А в это время Кутаисский автозавод готовился к пуску, и наш директор B.C. Букия днем с огнем искал квалифицированных специалистов. Конечно, он с радостью откликнулся на предложение Хламова принять на работу людей, которые по существу были пионерами советского автомобилестроения. Так на Кутаисском автозаводе собралось примерно 20-25 инженеров, побывавших в лагерях и занявших теперь ключевые посты в цехах и отделах завода.

Но в середине 1948 года по указанию Сталина начались повсеместные повторные аресты бывших заключенных. То есть, людей арестовывали, часто даже не приписывая им каких-либо новых "преступлений", просто за то, что они уже отсидели семь-восемь-десять и больше лет.

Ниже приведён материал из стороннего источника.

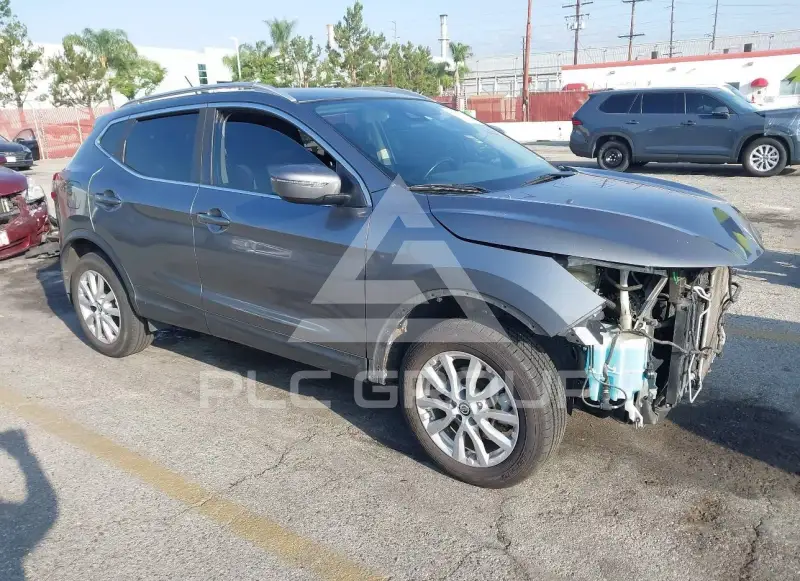 2021 Nissan ROGUE photo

Первым на нашем заводе арестовали заместителя главного конструктора Шарапова.

Главным конструктором был тогда A.M. Кригер (ныне главный конструктор Московского автозавода имени Лихачева), ученик и воспитанник Шарапова еще с тех, довоенных и долагерных времен. Он относился к Шарапову с глубоким уважением и готов был уступить ему место главного конструктора и стать у него заместителем. Но Шарапов сам от этого отказался, да и директор не согласился бы на такое перемещение.

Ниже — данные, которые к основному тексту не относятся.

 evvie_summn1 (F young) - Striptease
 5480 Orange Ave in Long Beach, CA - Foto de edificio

И вот теперь, в 1948 году, пожилого, всеми уважаемого конструктора Шарапова вызвали к директору, и там, в кабинете директора, оперативники МВД предъявили ему ордер, увезли на квартиру для обыска, а затем во внутреннюю тюрьму.

Этот арест, да еще с предварительным вызовом в кабинет директора, произвел тяжелое впечатление на всех заводских инженеров. А бывшие зэки о вызове к директору стали прямо говорить между собой: "Что, приглашают в тюрьму?"

Букия, конечно, почувствовал это — и больше в его кабинет для ареста не приглашали. Но это не значило, что аресты прекратились.

Один за другим были повторно взяты все бывшие заключенные, кроме трех человек, не считая меня, о котором, как я думал, ничего не известно.

Оказалось, однако, что я обнадеживал себя напрасно. Из надежных источников мне стало

 

- 225 -

известно, что и местные органы МГБ, и директор завода знают обо мне все.

Что было делать? Уезжать? Куда и под каким предлогом? Да и спасет ли это бегство от "всевидящего глаза" и "всеслышащих ушей"?

Мы решили, что, прежде всего, должна уехать жившая вместе с нами сестра моей жены, гоже сидевшая в лагерях, но как "член семьи врага народа" (муж ее в 1937 году получил 10 лет лагерей "без права переписки", то есть был тайно расстрелян). Ее еще в 1943 году "актировали", и она жила на поселении в Оренбургской области, откуда ей удалось переехать к Розе в Оренбург. На основании выданной ей сельсоветом справки, что она эвакуирована, и документы ее утеряны, она получила в Оренбурге паспорт и с тех пор жила с нами. Таким образом, она тоже скрыла свое прошлое. Если возьмут меня, могут добраться и до нее, больной и старой.

Мы отправили ее в Иркутск, где жила еще одна сестра моей жены. И стали ждать удобного случая, чтобы уехать.

Но аресты внезапно прекратились — и мы успокоились.